Sous les roues des voitures allemandes se déroula la plus belle avenue du monde.
Tout en haut, devant Adolf Hitler, fermant l'horizon dans l'air ouaté du matin d'été, se dressait l'Arc triomphal élevé sur l'ordre de Napoléon ler. Et sous la voûte prestigieuse reposait le corps d'un combattant inconnu de la Grande Guerre, veillé par les larges murailles recouvertes de noms de victoires dont beaucoup avaient été des défaites germaniques.
Mais, aujourd'hui, l'homme qui en déchiffrait les inscriptions était le vainqueur de Paris et de la France.
Alors la méditation de Hitler prit une orientation révélatrice des pensées qui l'obsédaient depuis les derniers jours.
— J'aurais pu, dit-il, marcher à la tête de mes troupes sous l'Arc de Triomphe.

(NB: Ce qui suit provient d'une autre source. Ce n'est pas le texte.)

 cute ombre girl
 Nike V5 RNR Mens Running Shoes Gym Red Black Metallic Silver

Le coup classique des grandes parades! Mais je ne l'ai pas voulu. Le peuple français devra s'en souvenir...
(En réalité, une revue militaire monstre des troupes allemandes victorieuses de la France avait été prévue à Paris, en présence de Hitler entouré de ses généraux. Elle avait été annulée après que Goering eut refusé d'assurer la sécurité du Führer du Reich contre une éventuelle attaque aérienne ennemie au cours du défilé.)

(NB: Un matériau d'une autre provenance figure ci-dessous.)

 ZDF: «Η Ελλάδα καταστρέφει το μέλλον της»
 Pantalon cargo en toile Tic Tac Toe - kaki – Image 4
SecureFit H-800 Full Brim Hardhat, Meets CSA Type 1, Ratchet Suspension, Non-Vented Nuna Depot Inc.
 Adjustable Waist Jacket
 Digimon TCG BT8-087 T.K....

Dans sa marche triomphale et semi-clandestine à travers la ville, l'itinéraire du Führer de l'Allemagne s'était fixé deux buts principaux.
Le premier fut atteint, à partir de la place de l'Étoile, au milieu des lourdes frondaisons de l'avenue du Bois, par l'avenue Raymond-Poincaré et la place Victor-Hugo, pour gagner les hauteurs de la colline et du palais de Chaillot.
Là, au bord de la terrasse célèbre, une perspective de rêve s'offrit aux regards d'Adolf Hitler.
Pour la première fois, Hitler se trouvait en face de la réalité inaltérable de sa conquête, déployée en une perspective majestueuse, dans toute sa grandeur.
A ce moment, s'il faut en croire Sacha Guitry qui a rapporté cet épisode peut-être apocryphe, un pêcheur à la Ligne montant des quais de la Seine se mit à gravir, sans que nul l'eût arrêté, les escaliers du palais de Chaillot. A la perspective de la surprise du Français quand à quelques pas de lui il découvrirait le Führer de la Grande Allemagne, l'attention de Hitler se fit avidité ardente. Mais l'homme, ayant posé sur son vainqueur un regard à peine étonné, passa simplement en proférant d'un ton léger : « Tiens! » et il poursuivit sa route en sifflotant. Décontenancé, Hitler n'ajouta aucun commentaire. Mais, l'instant d'après, il entraîna sa suite vers les voitures qui attendaient sur la place.